Mengingat Kembali Saat Iran Kalahkan Setan Besar Amerika Serikat – 21 Juni 1998, Iran berhasil mengalahkan Amerika Serikat di Stade de Gerland Lyon pada helatan piala dunia 1998. Kemenangan di bawah sorot mata 43.300 penonton stadion, yang mayoritas mendukung Iran tersebut, merupakan kemenangan monumental, bagi Iran sendiri. Bagaimanapun Amerika Serikat merupakan rival politik mereka. Memenangkan pertarungan melawan Amerika Serikat, kapanpun, di manapun, dalam situasi apapun, adalah kemenangan besar.
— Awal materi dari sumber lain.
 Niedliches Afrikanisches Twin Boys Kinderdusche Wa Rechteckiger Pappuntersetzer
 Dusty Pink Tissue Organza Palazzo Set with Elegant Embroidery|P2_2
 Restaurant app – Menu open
Iran memang tidak melaju ke babak berikutnya di malam itu. Tapi memang dari awal mereka hanya mengincar satu tujuan saat ke Perancis 98, yakni jangan sampai kalah dari Amerika Serikat. Mengalahkannya malah bonus besar. Karena piala dunia itu diadakan, pada saat Asia tengah krisis ekonomi karena pelarian modal yang disponsori spekulan pro Israel, George Soros. Iran salah satu negara yang mendapatkan bencana ekonomi dari krisis di banyak negara Asia, karena negara tetangga Asia seperti Malaysia, Indonesia, India, China, Jepang, Korea Selatan, itulah penopang ekonomi mereka.
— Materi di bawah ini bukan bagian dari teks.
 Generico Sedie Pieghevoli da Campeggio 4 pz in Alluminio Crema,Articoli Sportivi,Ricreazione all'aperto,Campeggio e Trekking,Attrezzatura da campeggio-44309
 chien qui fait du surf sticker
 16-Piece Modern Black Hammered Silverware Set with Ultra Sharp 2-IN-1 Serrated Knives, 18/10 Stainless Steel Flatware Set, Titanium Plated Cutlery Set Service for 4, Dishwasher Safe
Dengan mengalahkan Amerika Serikat, merupakan pernyataan politik bahwa negara mereka tidak akan kalah di banyak tempat, malah sebaliknya menyimpan energi besar untuk bisa bertarung melawan “si setan besar” Amerika. Tapi dibalik gempita politik itu, di mata fans sepak bola adalah tim yang matang mengalahkan tim yang masih mentah. Secara realistis, Iran saat itu di isi oleh beberapa mega bintang yang belum bisa lagi dimunculkan oleh generasi setelahnya. Beberapa di antara bintang itu adalah nama-nama yang sangat ditakuti di Asia, dan juga berjaya di Eropa.
Kualitas permainan mereka bisa dikatakan setara dengan bintang-bintang dunia saat itu, namun pemain Iran walau punya bakat bagus tidak bisa leluasa bermain di Eropa, karena sejarah permusuhan yang panjang dari masyarakat Iran sendiri kepada hal yang berbau barat. Padahal jika sepak bola dipisahkan dari dunia politik, Iran akan cepat berkembang menjadi negara penghasil pesepakbola tangguh, serta meningkatkan level mereka di tingkat internasional.
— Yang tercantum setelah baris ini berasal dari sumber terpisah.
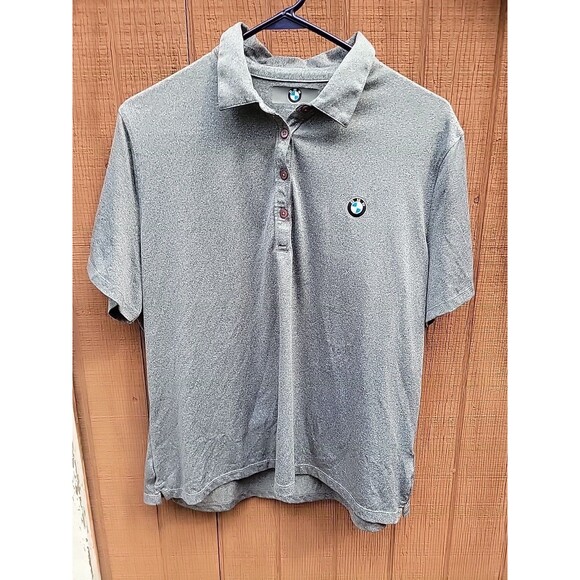 BMW Polo Shirt Mens XL Gray Golf Golfing Short Sleeve Embroidered Stretch - Picture 1 of 5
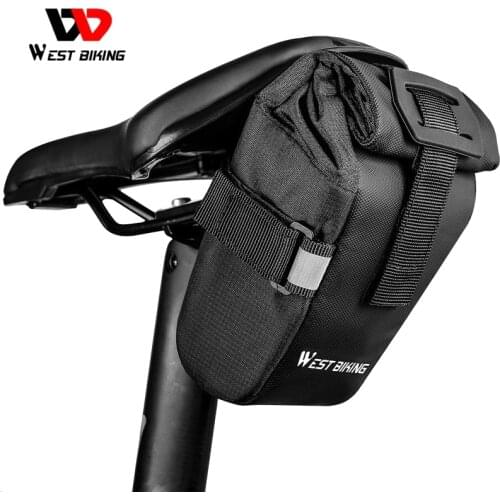 WEST BIKING Adjustable Bicycle Saddle Bag Rainproof Reflective Seatpost Saddle Bag MTB Road Bike Bag Cycling Accessories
Sebut saja sang raja Ali Daei, pencetak gol timnas terbanyak yang belum dipecahkan hingga saat ini, dengan 109 gol, terpaut jauh dari runner up Cristiano Ronaldo dengan selisih 10 gol. Jika CR7 beruntung, dalam artian selama helatan timnas dia bisa tampil dan tidak cedera, barangkali dia bisa lewati rekor Ali Daei, tapi rekor itu masih utuh hingga saat ini. Ali Daei jadi momok menakutkan di Piala Dunia 98. Pengalaman di Eropa bersama Arminia Bildfield klub Bundesliga dari Jerman Selatan dibawanya ke Perancis. Kelebihannya adalah ketangkasan di depan gawang sebagai pressing forward. Selalu bergerak tidak kenal lelah, berani menerobos posisi kosong dengan cepat, serta menekan lawan yang menguasai bola.
Ada pula Karim Bagheri, pemain pembeda. Berada di posisi gelandang bertahan, namun memiliki naluri gol tinggi, 50 gol dia lesakan untuk tim nasional. Bahkan ada berkata bahwa Bagheri adalah pemain klub Iran, bukan klub lainnya. Apa pasal, karena karir profesional di klub bisa dibilang tidak begitu cermelang. Untuk level klub dia bermain hanya 178 games. Sepertiganya jumlah normal karir pro pemain di klub yang bisa bermain hingga 87 games untuk timnas. Umumnya pemain seperti Bagheri bisa mainkan 400-500 penampilan dari 19 tahun karir, tapi rupanya dunia klub bukan untuk Bagheri.
Keduanya adalah pahlawan Iran di malam melawan Amerika Serikat. Keduanya bermain profesional, tidak emosional, tidak seperti anggapan semua orang pada malam itu.